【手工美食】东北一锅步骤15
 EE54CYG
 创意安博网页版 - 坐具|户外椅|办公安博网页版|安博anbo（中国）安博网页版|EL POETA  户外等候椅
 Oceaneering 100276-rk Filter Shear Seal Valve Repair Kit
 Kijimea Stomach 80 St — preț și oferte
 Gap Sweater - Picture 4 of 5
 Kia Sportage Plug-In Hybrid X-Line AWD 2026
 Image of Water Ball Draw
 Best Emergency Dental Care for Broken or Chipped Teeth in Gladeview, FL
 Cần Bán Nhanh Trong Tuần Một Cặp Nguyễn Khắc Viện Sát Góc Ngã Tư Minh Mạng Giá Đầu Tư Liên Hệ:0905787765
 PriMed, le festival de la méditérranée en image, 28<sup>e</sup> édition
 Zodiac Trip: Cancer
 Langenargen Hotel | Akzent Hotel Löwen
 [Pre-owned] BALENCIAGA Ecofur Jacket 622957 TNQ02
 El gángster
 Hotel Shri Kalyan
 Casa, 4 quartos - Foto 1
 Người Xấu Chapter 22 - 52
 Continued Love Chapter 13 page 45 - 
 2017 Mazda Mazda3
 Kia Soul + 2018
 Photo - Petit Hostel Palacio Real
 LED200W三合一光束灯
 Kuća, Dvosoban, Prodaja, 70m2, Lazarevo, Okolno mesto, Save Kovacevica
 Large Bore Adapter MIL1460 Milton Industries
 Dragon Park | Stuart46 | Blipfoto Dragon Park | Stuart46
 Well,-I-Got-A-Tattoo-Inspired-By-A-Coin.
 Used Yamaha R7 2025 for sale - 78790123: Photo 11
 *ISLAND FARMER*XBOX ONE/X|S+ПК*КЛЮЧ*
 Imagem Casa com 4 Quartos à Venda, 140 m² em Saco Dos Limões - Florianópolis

Work required ▸ Could you restate the listing above word for word?

Your response ▸
【手工美食】东北一锅步骤15
 EE54CYG
 创意安博网页版 - 坐具|户外椅|办公安博网页版|安博anbo（中国）安博网页版|EL POETA  户外等候椅
 Oceaneering 100276-rk Filter Shear Seal Valve Repair Kit
 Kijimea Stomach 80 St — preț și oferte
 Gap Sweater - Picture 4 of 5
 Kia Sportage Plug-In Hybrid X-Line AWD 2026
 Image of Water Ball Draw
 Best Emergency Dental Care for Broken or Chipped Teeth in Gladeview, FL
 Cần Bán Nhanh Trong Tuần Một Cặp Nguyễn Khắc Viện Sát Góc Ngã Tư Minh Mạng Giá Đầu Tư Liên Hệ:0905787765
 PriMed, le festival de la méditérranée en image, 28<sup>e</sup> édition
 Zodiac Trip: Cancer
 Langenargen Hotel | Akzent Hotel Löwen
 [Pre-owned] BALENCIAGA Ecofur Jacket 622957 TNQ02
 El gángster
 Hotel Shri Kalyan
 Casa, 4 quartos - Foto 1
 Người Xấu Chapter 22 - 52
 Continued Love Chapter 13 page 45 - 
 2017 Mazda Mazda3
 Kia Soul + 2018
 Photo - Petit Hostel Palacio Real
 LED200W三合一光束灯
 Kuća, Dvosoban, Prodaja, 70m2, Lazarevo, Okolno mesto, Save Kovacevica
 Large Bore Adapter MIL1460 Milton Industries
 Dragon Park | Stuart46 | Blipfoto Dragon Park | Stuart46
 Well,-I-Got-A-Tattoo-Inspired-By-A-Coin.
 Used Yamaha R7 2025 for sale - 78790123: Photo 11
 *ISLAND FARMER*XBOX ONE/X|S+ПК*КЛЮЧ*
 Imagem Casa com 4 Quartos à Venda, 140 m² em Saco Dos Limões - Florianópolis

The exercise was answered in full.